Fig. 7 (a)-(d) shows the quantitative amount of the collected effluent oil after each round of the CW huff-n-puff processes. The tube oil volume has to be deducted before obtaining the exact amount of recovered oil from the tight core. Tube oil is the oil left in the tubing system in the process of the experiment. As we used the same tubing system for oil saturation process, it is inevitable that some oil stay in the system, even we have made the effort to clean the whole tubing system before the huff-n-puff process. The process of determining the tubing oil is described in the following section of 3.1.2 for the supercritical CO2 huff-n-puff processes. As indicated in Fig. 7(a) and (b), the Tube Oil (T.O.) volume after 1st and 2nd round huff-n-puff process is 1.5 mL and 1.0 mL respectively, and they are reasonably deducted in the collected volume of oil to get the final Recovered Oil (R.O.) results.

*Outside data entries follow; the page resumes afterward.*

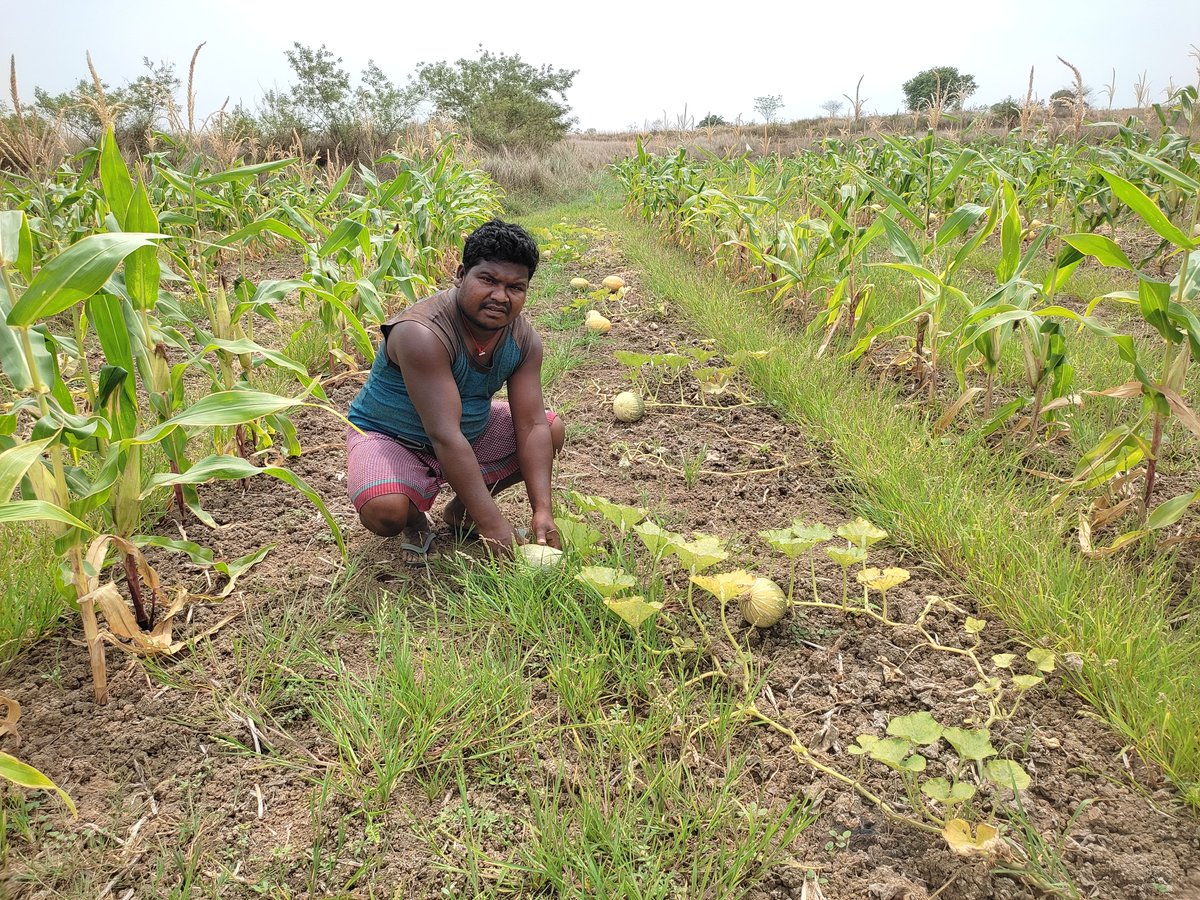 Farmer Power! ‍

Devekumar & Baisakhi from Saraikela-Kharsawan switched to pumpkin farming & CRUSHED IT!

Learned new techniques, went organic, & got HUGE yields (6 tons/acre!).

They're inspiring their community & proving knowledge + sustainability = success! 
 #Innovation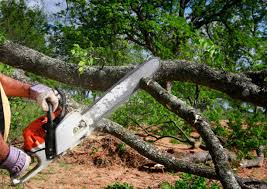Best Pest Control for Lawns  in Pacific Grove, CA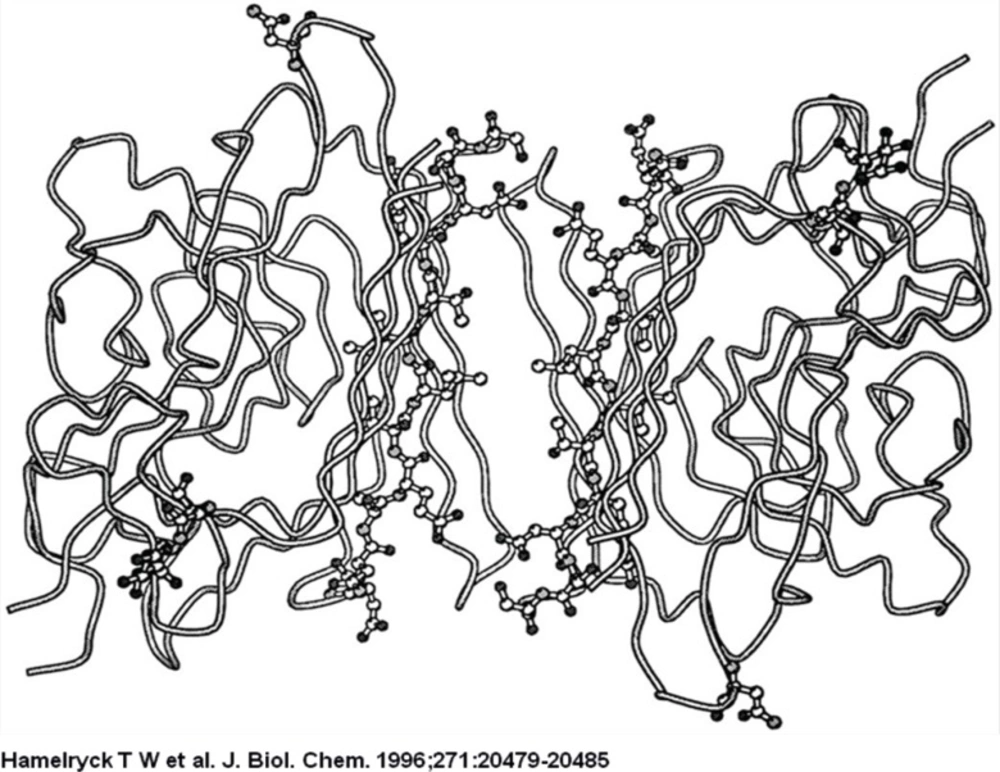 A view from the center of the molecule to the dimer-dimer interface on the putative adenine binding site between dimers A and C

Effluent oil collection results after (a) 1st (b) 2nd (c) 3rd and (d) 4th CW huff-n-puff processes (R.O. stands for Recovered Oil, T.O. stand for Tube Oil).

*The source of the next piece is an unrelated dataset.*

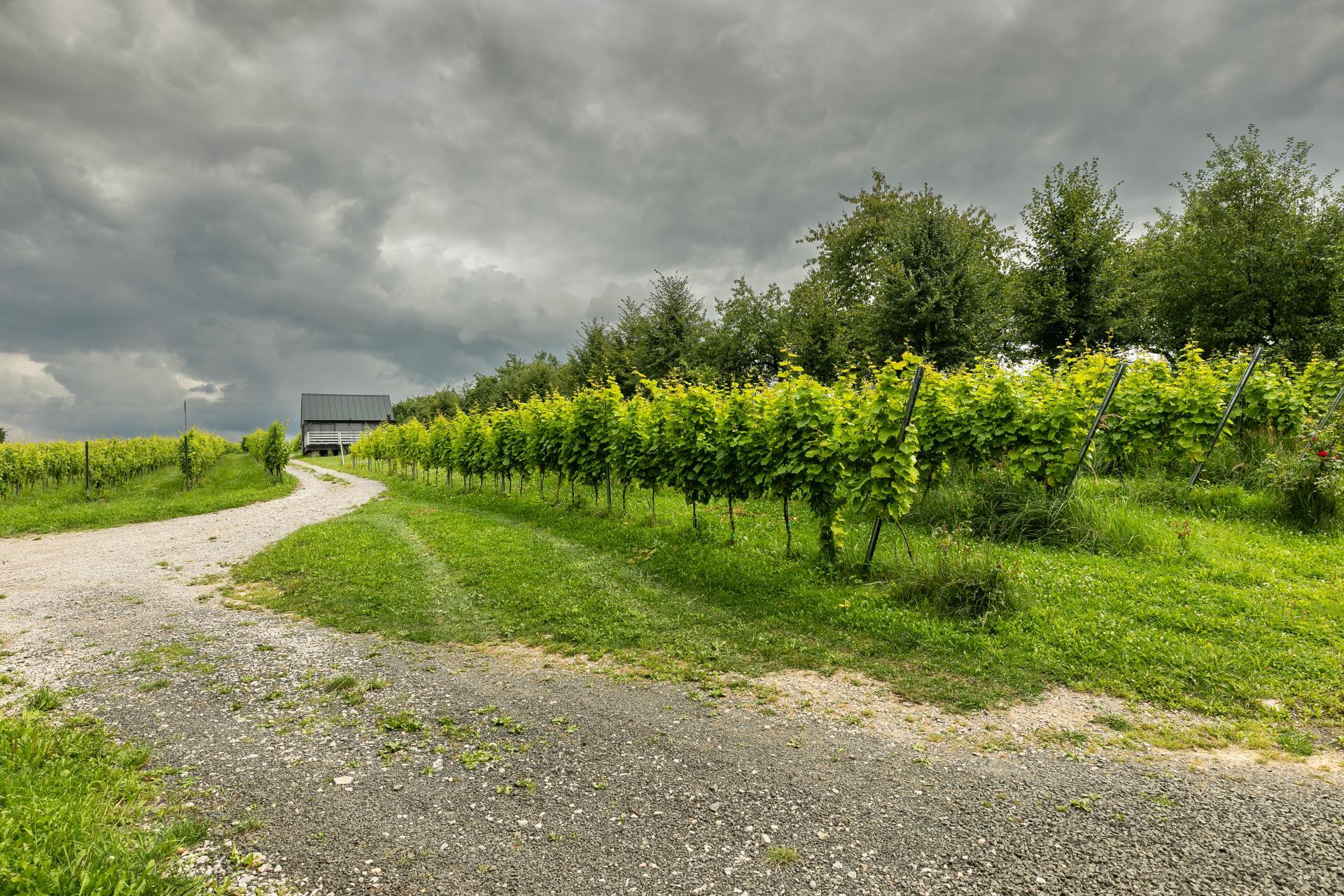 Spacer wśród lasów i winorośli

Table 3 lists the quantitative results of the recovered oil volume together with the oil recover rate based on the total saturated oil volume of 13.06 mL in the tight core No.2. It is found the 1st round could produce as high as 19.1% of oil from the core, and the following 3 rounds could recovery 9.6%, 5.7% and 1.8% respectively, which gives total recovery rate of 36.2%, indicating the CW huff-n-puff process could be potentially employed on tight oil recovering practices. In addition, it is deduced that three rounds of operation is enough to obtain good performance, which is also instructive on guidance of the successful field application of the CW huff-n-puff technique.
Saturated oil in the core
Recovered oil after 1st round
Recovered oil after 2nd round
Recovered oil after 3rd round
Recovered oil after 4th round
Volume (mL)
13.06
2.5
1.25
0.75
0.25
Recovery rate
19.1%
9.6%
5.7%
1.8%
3.1.2 CO2 huff-n-puff process
As the comparative study, supercritical CO2 huff-n-puff process has also been performed. Fig. 8(a) and (b) displays clearly the tight sample images after the 1st and 2nd round of CO2 huff-n-puff operations. It is clearly observed the inlet part of the sample gets drier after each cycle of operation, indicating increasing round of CO2 injection could recover oil mainly from the inlet part of the tight core. With comparison with the cores after CW operation shown in Fig. 6(b) and (c), it is also found the dry part of the core is obviously larger after CO2 huff-n-puff process, indicating CO2 could recover more oil content from the tight core after each round of huff-n-puff process.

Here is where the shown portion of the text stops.